L’atassia di Friedreich è una malattia genetica rara che provoca la degenerazione progressiva del sistema nervoso. Colpisce in particolare midollo spinale e cervelletto, provocando la mancanza di coordinazione dei movimenti, l’atassia appunto. Di solito si manifesta durante l’infanzia o l’adolescenza, ma in alcuni casi compare anche in età adulta.

I primi sintomi dell’atassia di Friedreich sono problemi di equilibrio e di coordinazione. Questi rendono difficile scrivere, mangiare e compiere altre attività molto semplici. Con il tempo anche camminare diventa impossibile, costringendo chi ne soffre sulla sedia a rotelle. Sono frequenti anche problemi cardiaci e diabete.

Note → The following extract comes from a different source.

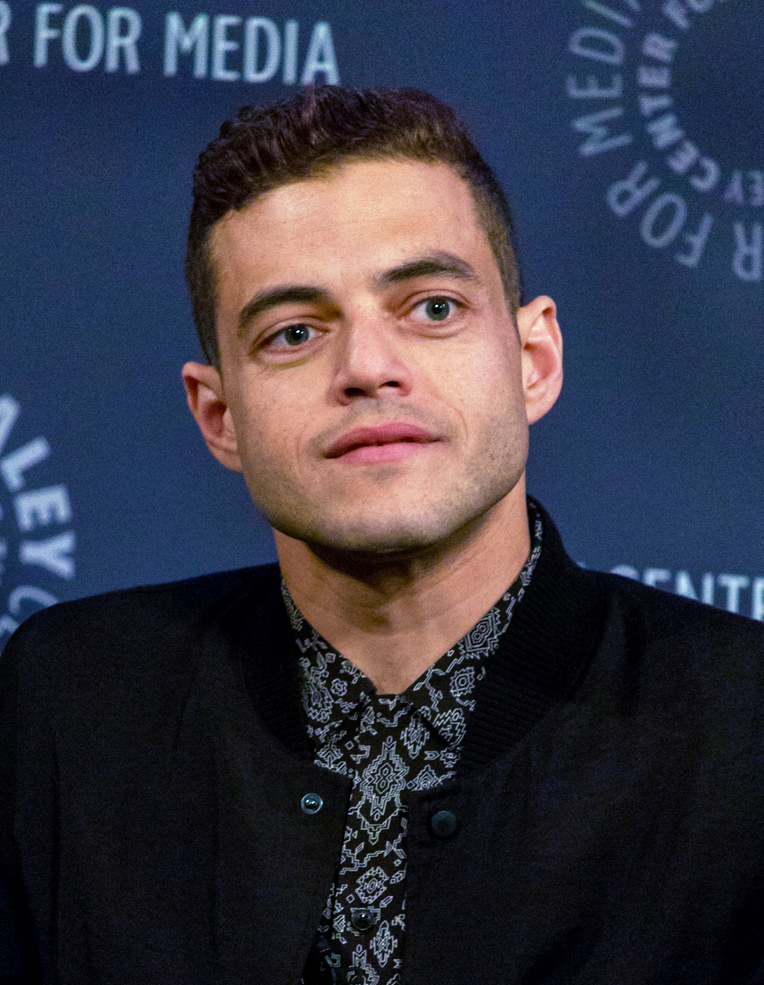 Rami Malek completou 45 anos no dia 12 de maio de 2026 e tem motivos de sobra para comemorar. Seu novo filme, “The Man I Love”, do diretor Ira Sachs, estará no Festival de Cannes, um dos maiores festivais de cinema do mundo, e concorrerá à Palma de Ouro. Estrelado por Malek, Tom Sturridge, Rebecca Hall e Ebon Moss-Bachrach, o longa é ambientado na Nova York dos anos 1980 e acompanha um ator de teatro que vive com AIDS e encara seu possível último grande papel.
 -  (crédito: Wikimedia Commons / Dominick D)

Le cause dell’atassia di Friedreich risiedono nelle alterazioni del gene che codifica la proteina fratassina. Una sequenza di tre nucleotidi di DNA viene ripetuta molte più volte del normale, bloccando le funzioni di tutto il gene. Ciò provoca quindi la mancata codifica della fratassina, con conseguente deficit causa dei sintomi della malattia.

La trasmissione avviene mediante modalità autosomica recessiva: se entrambi i genitori sono portatori di una copia mutata del gene, il figlio avrà il 25% delle probabilità di essere malato. Spesso nessuno dei due partner sa di essere portatore sano, il che rende complicato effettuare una diagnosi prenatale.

La diagnosi si basa sull’osservazione dei sintomi, su esami come l’elettromiogramma e sul test genetico. Quest’ultimo serve a individuare i difetti genetici di cui sopra. Una volta ricevuto esito positivo, però, c’è molto poco da fare. Ad oggi non esistono cure risolutive per l’atassia di Friedreich.